Catching machine exceptions is super hard and it only makes sense in very specific circumstances, for example, when you’re working on a language runtime.

IMPORTANT Folks commonly try to catch machine exceptions as part of a custom crash reporter. I strongly recommend against doing that, for the reasons I outline in Implementing Your Own Crash Reporter.

The Exception Handling framework, which is the tag that I applied to this post (-:, lets you convert machine exceptions to language exceptions. This is dangerous nonsense and should never be used.



The situation with language exceptions varies by language:
  • In C++ it’s common to use language exceptions as part of your program.

  • In Objective-C language exceptions are reserved for serious programming errors. Do not throw a language exception unless you want your program to crash. Do not attempt to catch a language exception and then recover from it. Doing so will not work reliably if you’re using ARC or if the language exception originated in the OS.

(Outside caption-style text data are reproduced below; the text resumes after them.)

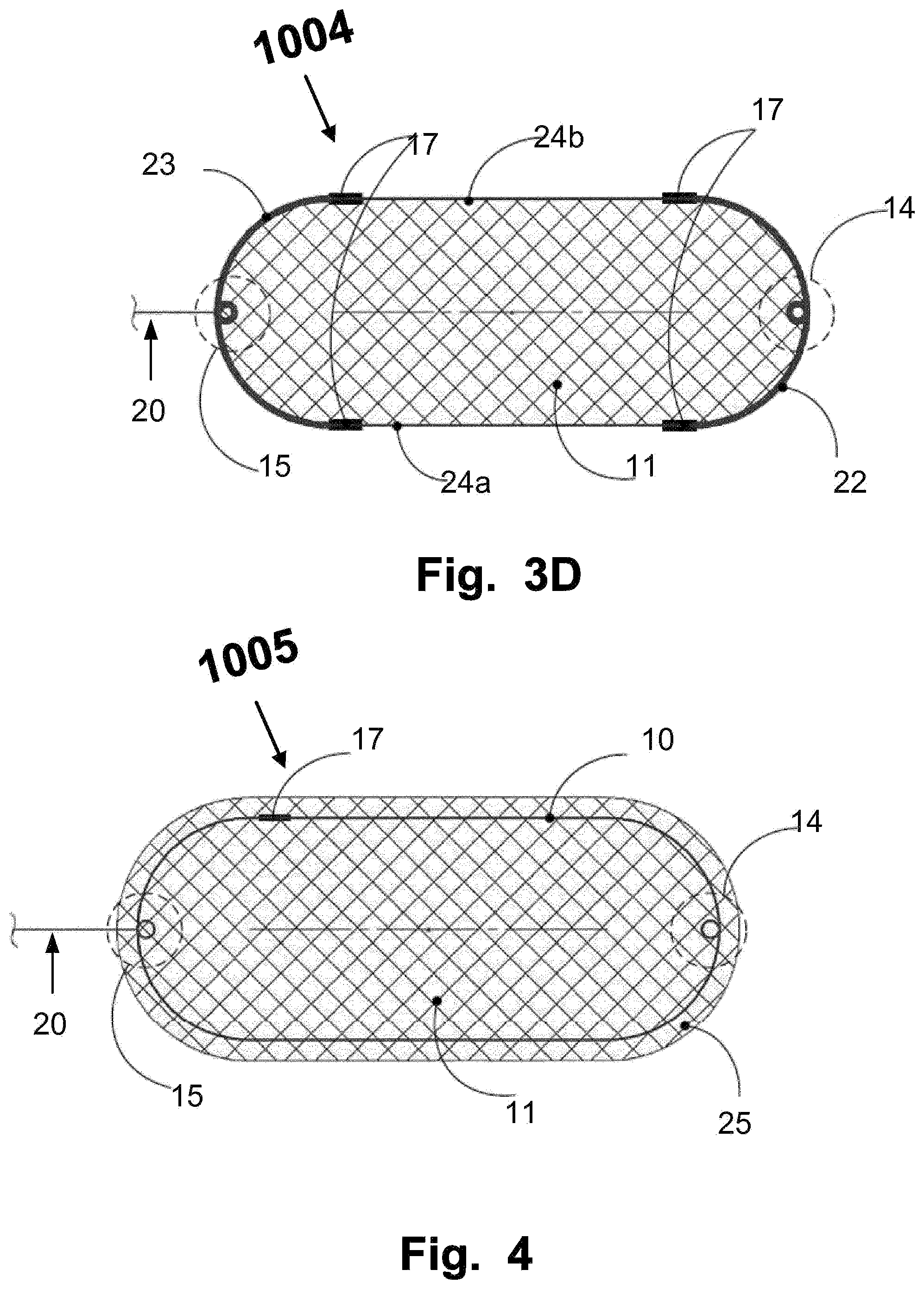Patent US12569328 Figure 4 – Device for filtering embolic material in a vascular system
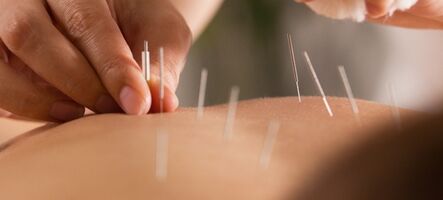 Masáž suchou ihlou
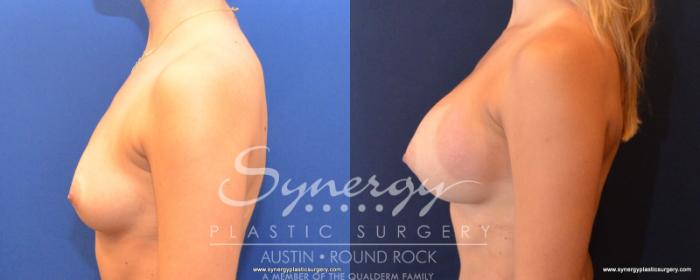 Before & After Breast Augmentation Case 502 View #3 View in Austin, TX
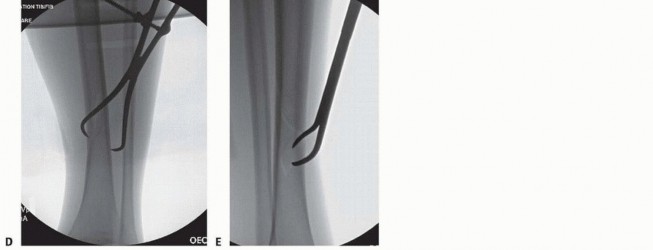 Illustration 28 for Optimizing Intramedullary Nailing for Tibial Shaft Fractures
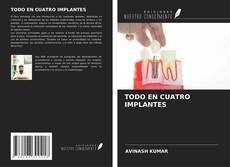 Bookcover of TODO EN CUATRO IMPLANTES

  • Swift has no facilities for dealing with language exceptions. The exception-like mechanisms you see in Swift are actually syntactic sugar on the Cocoa error facilities (more on that below).

In no situation is it safe to throw or catch a language exception across an ABI boundary.

Note Historically some Cocoa APIs expected you to catch language exceptions. These APIs are now either deprecated (for example, Distributed Objects) or have been replaced by APIs that use the Cocoa error mechanism (for example, NSFileManager).



The Cocoa error mechanism involves a function that returns a status result and can optionally return an NSError via an ‘out’ parameter. In Objective-C this is done using an NSError ** parameter. For example, to read an NSData from a file you use this NSData method:

Code Block
+ (nullable instancetype)dataWithContentsOfURL:(NSURL *)url options:(NSDataReadingOptions)readOptionsMask error:(NSError **)errorPtr;


To see the error in Objective-C, call it like so:

Code Block
NSURL * url = … something …;
NSError * error;
NSData * data = [NSData dataWithContentsOfURL:url options:0 error:&error];
if (data == nil) {
… look at `error` …
}


IMPORTANT Only look at error if the function result indicates that an error occurred.

Swift has syntactic sugar to make this look like an exception mechanism. For example, in Swift you’d call it like so:

Code Block
let url: URL = … something …
let data = try Data(contentsOf: url: options:[])


While this looks like an exception, it’s not. Rather, it’s a convenient way to handle the existing Cocoa error convention.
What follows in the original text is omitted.